Prejuicios, liberémosnos de los prejuicios, prejuicios que levantan de inmediato una barrera entre nosotros. Permitámosnos comunicarnos, ayudarnos, entendernos, encontrarnos. Somos seres sociales, cada uno de nosotros necesita de los demás por naturaleza, y nuestras relaciones se ven muchas veces condicionadas por prejuicios que van en contra de esta ley natural, y que contaminan nuestro entorno volviéndolo áspero, frío, gris, frágil. En otras palabras, dejemos de juzgar al otro por su apariencia, que no nos importe qué ropa lleva puesta, cómo habla, de qué color es, de qué tamaño es. Porque al hacerlo, no estamos viendo al otro como a un igual, un compañero, un ser que puede estar necesitando nuestra ayuda o que puede brindárnosla, sino como a un extraño que nada tiene que ver con nosotros, al cual nada nos vincula, o como a un sujeto peligroso o inferior, según los casos. Lo que sucede es que estamos atravesados por una cultura, una cultura que en gran medida es prejuiciosa y discriminatoria, y nuestros comportamientos obviamente no están separados de esa cultura, sino que por el contrario están regimentados por ella. De ahí que la mayoría de las veces no advirtamos que mucho de lo que hacemos y decimos no contribuye en nada a configurar un mundo cálido, confortable, acogedor, en el que haya cabida para todos, un mundo hecho de lazos de solidaridad, en el que la vida dé gusto, en el que no nos miremos con recelo sino con afecto, en el que nos reconozcamos y nos respetemos mutuamente.

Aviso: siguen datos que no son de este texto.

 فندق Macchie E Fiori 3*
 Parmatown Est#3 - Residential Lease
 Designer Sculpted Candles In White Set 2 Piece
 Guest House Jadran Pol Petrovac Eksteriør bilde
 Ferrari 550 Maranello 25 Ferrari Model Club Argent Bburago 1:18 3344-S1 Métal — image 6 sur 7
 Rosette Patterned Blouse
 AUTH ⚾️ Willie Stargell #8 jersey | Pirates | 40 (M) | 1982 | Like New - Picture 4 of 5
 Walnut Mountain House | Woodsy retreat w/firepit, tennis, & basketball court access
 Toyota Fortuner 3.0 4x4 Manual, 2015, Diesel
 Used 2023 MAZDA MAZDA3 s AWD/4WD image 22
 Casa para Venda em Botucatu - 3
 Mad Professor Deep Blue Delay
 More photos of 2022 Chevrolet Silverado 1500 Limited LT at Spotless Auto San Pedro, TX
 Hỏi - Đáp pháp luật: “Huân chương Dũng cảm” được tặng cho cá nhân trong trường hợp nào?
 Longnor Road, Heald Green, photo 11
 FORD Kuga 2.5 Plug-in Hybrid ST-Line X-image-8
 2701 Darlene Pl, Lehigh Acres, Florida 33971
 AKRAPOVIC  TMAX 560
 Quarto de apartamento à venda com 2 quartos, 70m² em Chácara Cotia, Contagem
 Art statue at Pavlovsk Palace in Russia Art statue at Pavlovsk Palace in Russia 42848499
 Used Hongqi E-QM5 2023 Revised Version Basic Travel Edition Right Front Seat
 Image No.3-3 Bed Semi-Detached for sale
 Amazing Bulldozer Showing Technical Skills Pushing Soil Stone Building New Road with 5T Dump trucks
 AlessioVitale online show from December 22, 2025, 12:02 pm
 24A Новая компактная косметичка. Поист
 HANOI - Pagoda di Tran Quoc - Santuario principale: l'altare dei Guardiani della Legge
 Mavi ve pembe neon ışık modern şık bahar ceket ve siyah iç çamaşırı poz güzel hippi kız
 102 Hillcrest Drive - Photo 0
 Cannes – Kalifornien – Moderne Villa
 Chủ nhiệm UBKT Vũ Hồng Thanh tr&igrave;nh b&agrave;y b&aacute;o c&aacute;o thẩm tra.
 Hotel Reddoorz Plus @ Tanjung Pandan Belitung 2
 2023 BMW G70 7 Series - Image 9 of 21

Juzgar al otro por su apariencia es hacer una gran elípsis, es suprimir de un solo golpe todo lo que no se ve en la superficie, todo aquello que permanece en la profundidad del ser de cada uno, como las emociones, las historias, los sueños, los fantasmas. Es una actitud que introduce un distanciamiento entre nosotros, y que nos degrada como personas y como sociedad a la vez: como personas porque uno no puede sentirse entero o íntegro en el aislamiento, y porque no reconocer o rechazar al otro es de alguna manera no reconocernos y rechazarnos a nosotros mismos, y como sociedad porque sin entender que todos estamos en la misma situación, que todos somos iguales, se le da paso al reinado del “sálvese quien pueda” y la sociedad se vuelve un conjunto de animales humanos aislados que se dan la espalda.